> _INFORMATION SHOWN_
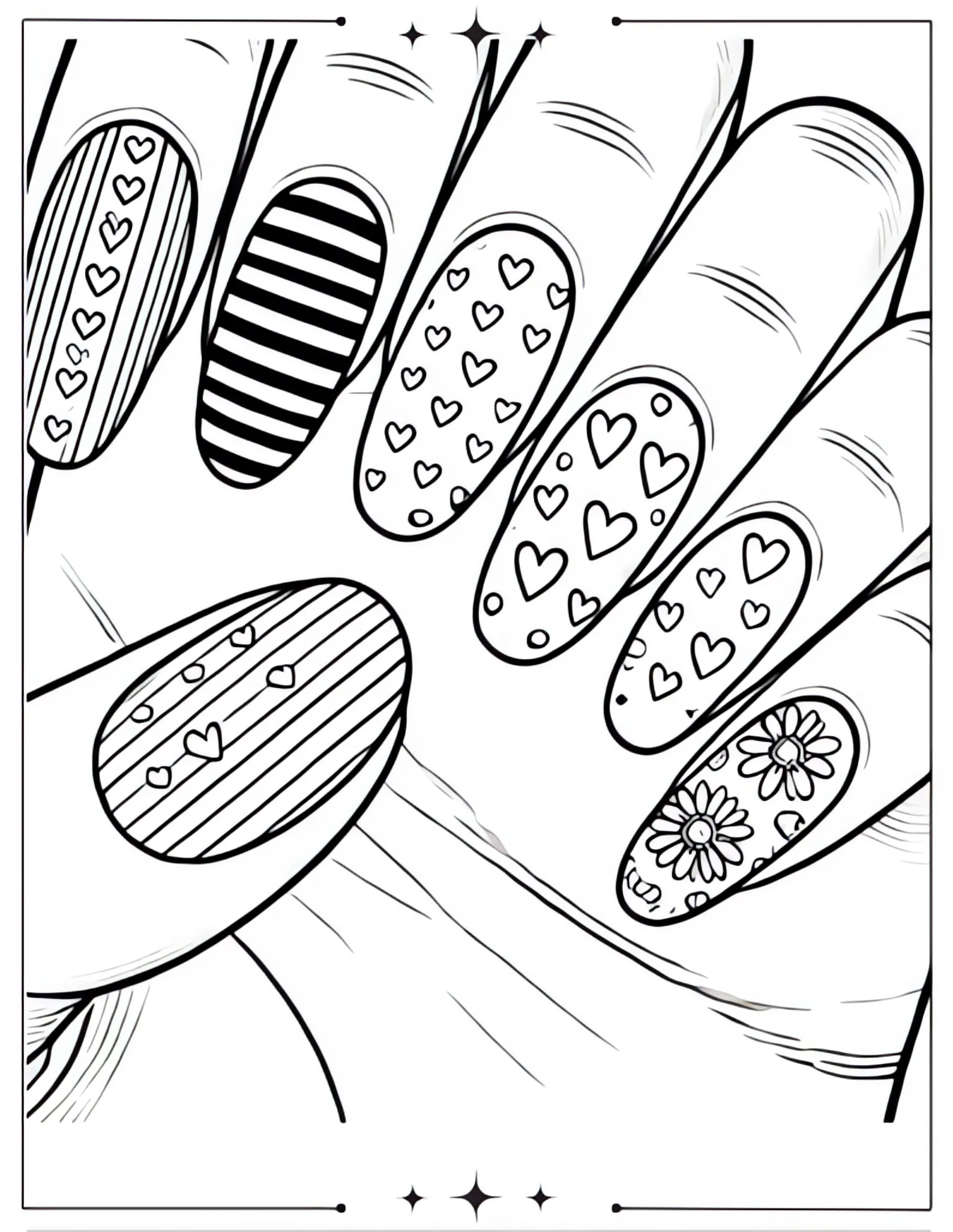 Stunning Aesthetic Coloring Pages to Calm Your Mind Cute Nail Art Coloring Page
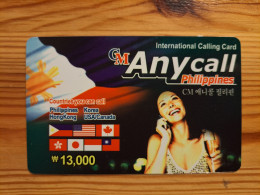 Prepaid Phonecard South Korea, CM Anycall - Philippines, Woman - Korea, South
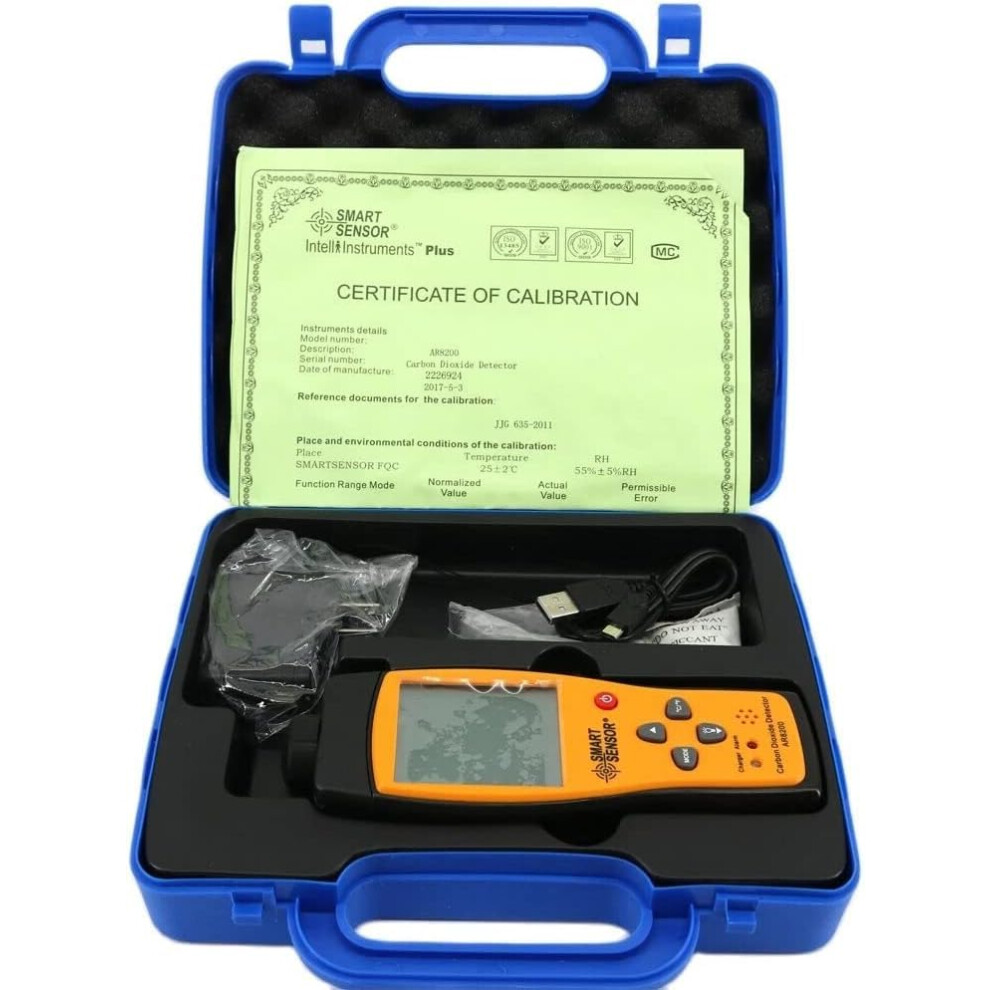 Ar8200 Digital Co2 Monitor With Fast Detection, Dual Alarm Alerts, Temperature And Humidity Monitoring 9073542147404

> _WHAT YOU ARE ASKED TO DO_
From the first line to the last, retype the data above exactly, but not its images.

> _THE COMPLETED TASK_
 Stunning Aesthetic Coloring Pages to Calm Your Mind Cute Nail Art Coloring Page
 Prepaid Phonecard South Korea, CM Anycall - Philippines, Woman - Korea, South
 Ar8200 Digital Co2 Monitor With Fast Detection, Dual Alarm Alerts, Temperature And Humidity Monitoring 9073542147404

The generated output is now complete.